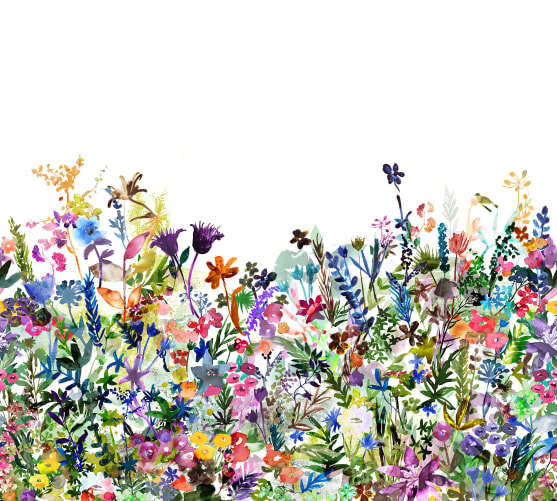 En blommande sommaräng målad i akvarell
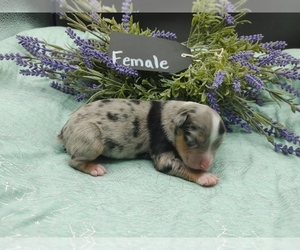 Australian Shepherd Puppy for sale in TAYLOR, TX, USA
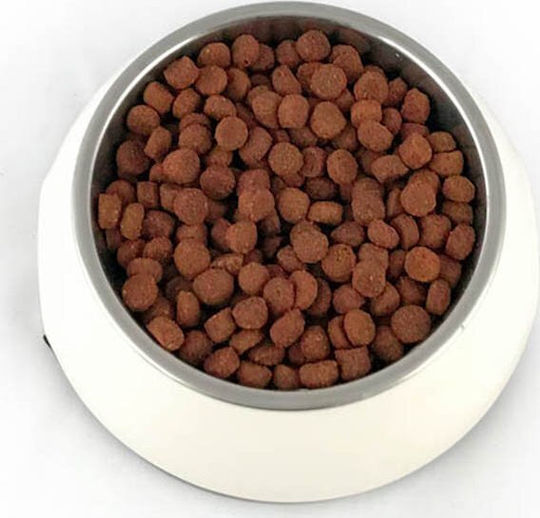 10kg Dry Dog Food for Small Breeds with Beef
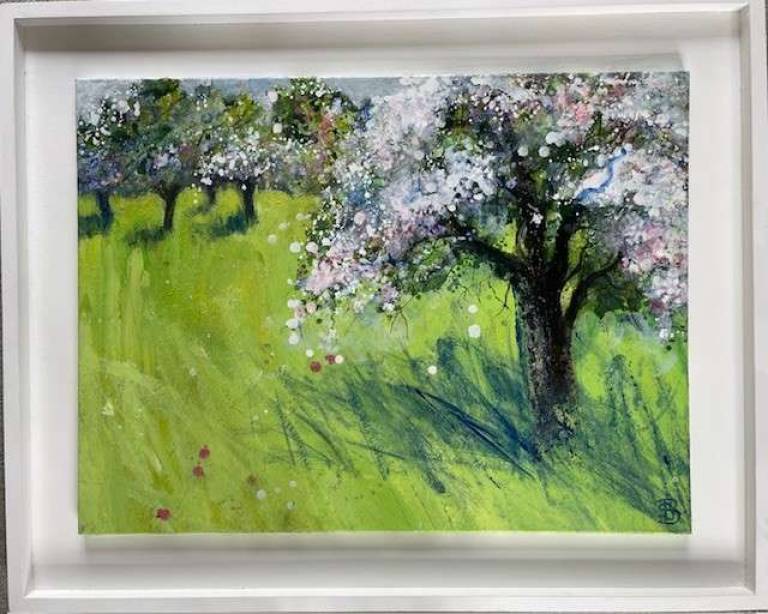 Apple Blossom in a Wild Orchard - Sally Bassett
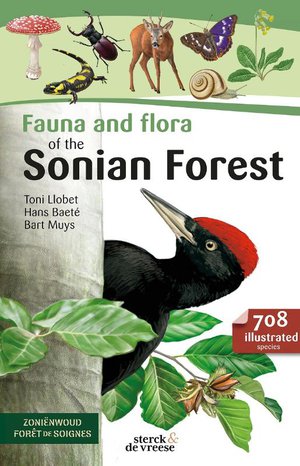 Fauna and Flora of the Sonian forest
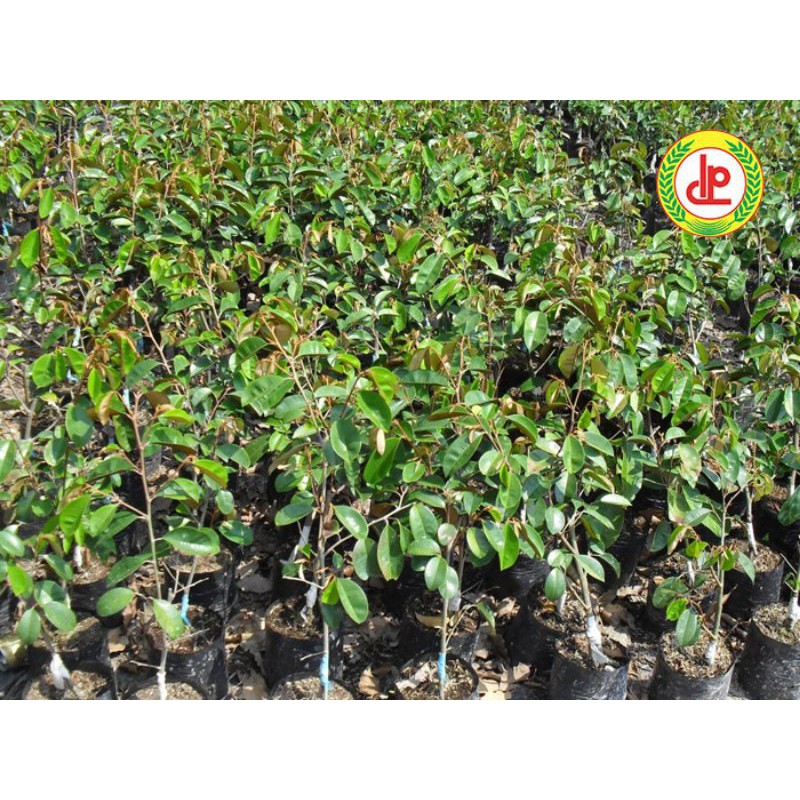 Cây giống vú sữa tím mika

[Work request]:
Give back the full listing exactly, with pictures dropped.

[Exercise solution]:
 En blommande sommaräng målad i akvarell
 Australian Shepherd Puppy for sale in TAYLOR, TX, USA
 10kg Dry Dog Food for Small Breeds with Beef
 Apple Blossom in a Wild Orchard - Sally Bassett
 Fauna and Flora of the Sonian forest
 Cây giống vú sữa tím mika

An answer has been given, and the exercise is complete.